TRY IT: Would you return the data below exactly as it stands, with every picture left out?

INFORMATION SHOWN:
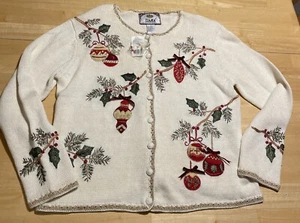 New With Tags 2003 Tiara Ornament Women’s Christmas Cardigan Sweater Size Med - Picture 1 of 12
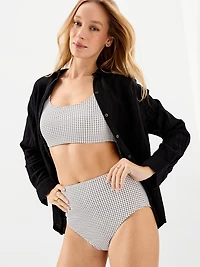High-Waisted Pique Bikini Swim Bottoms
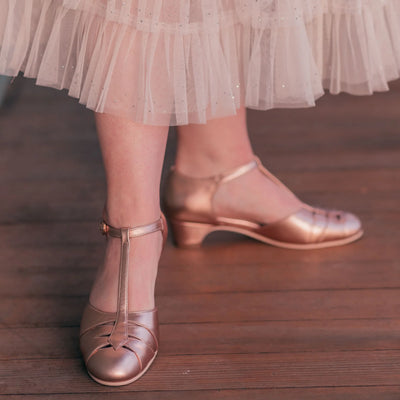 Monaco 1920s Style T-Bar Heels in Rose Gold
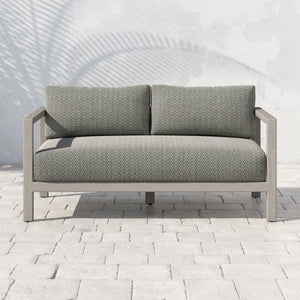 Solano 2-Seat Outdoor Sofa in Faye Navy & Weathered Grey (59.75' x 32.3' x 24.5')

RESPONSE:
 New With Tags 2003 Tiara Ornament Women’s Christmas Cardigan Sweater Size Med - Picture 1 of 12
High-Waisted Pique Bikini Swim Bottoms
 Monaco 1920s Style T-Bar Heels in Rose Gold
 Solano 2-Seat Outdoor Sofa in Faye Navy & Weathered Grey (59.75' x 32.3' x 24.5')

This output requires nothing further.